We like to buy cheap assets with high margin of safety. Markets usually offer prices which don´t match real values. The greater the difference between price and value the greater the investment opportunities.
To select companies we analyze current and historical financial statements, searching for low valuations compared to former results over long periods of time or compared to book values. Before acquiring a company we look for some of these requirements: low price/earnings ratio, low price to book value, high dividend yield, high free cash flow yield, and low enterprise value/cash flow. We could buy not-so-cheap companies if we consider their quality warrants investment. We prefer to select companies with net cash or very little net debt. Usually we choose enterprises whose owners or managing directors have relevant stakes in them.
We invest all over the world in any asset class, both long and short.
In commodities we search for those whose current prices are much lower than their historical real values and which have sound fundamentals.
We invest in precious metals because we consider gold the real money.
We use short selling to hedge our portfolio against potential market risks, mostly linked to excessive credit expansion.
We take into account distortions caused by credit cycles and their impact on asset valuations. We try to avoid investing in countries which have had a large and rapid credit growth during many years and we usually refrain from investing in indebted companies.
The history of fiat currencies is a history of chronic devaluations steadily eroding savings. Since 1971, this has become even more relevant, because that is the moment when the United States of America cancelled the direct international convertibility of the US dollar to gold. One way to be hedged and preserve wealth is investing in real assets which protect capital against currency devaluations.
We avoid fashions, searching for value where little capital has been invested during long periods of time. We usually find attractive investment opportunities in assets, sectors, commodities or countries out of favour due to temporary problems which often coincides with unfavourable newsfeed.
This essential characteristic of our investment philosophy, together with our global investing approach, makes Salmón Mundi Capital performance different from other savers´ traditional equities or fixed income funds. It could help portfolio diversification.
LONG TERM HORIZON
The best investment returns are produced in the long term.
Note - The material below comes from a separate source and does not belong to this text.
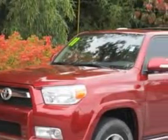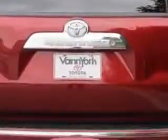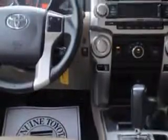Imagine driving this Salsa Red 2011 Toyota 4Runner SUV 4x4, equipped with a six-cylinder engine and an automatic transmission. Enjoy this great SUV with features like lockout button, power sliding rear window, variable intermittent front wipers, rear wiper, and much more. Enjoy the drive and have peace of mind in this 2011 Toyota 4Runner.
History shows that investment returns are not linear and it could take years until assets quoted under their real value perform better than markets.
We consider five years a reasonable period of time to let investments mature, although it is not a fixed mathematical figure. The money one invests should be savings, not money one needs on a daily basis.
Our main focus is not on quarterly results or on temporary price movements in the short-run, but on buying and holding good and cheap assets. Once we have selected undervalued assets which fulfil our specific investment requirements we hold them until they reach their true value or until we find another better and cheaper asset available.
Historically greater investment returns are concentrated within very short periods of time. Patience is the scarcest resource in the asset management industry.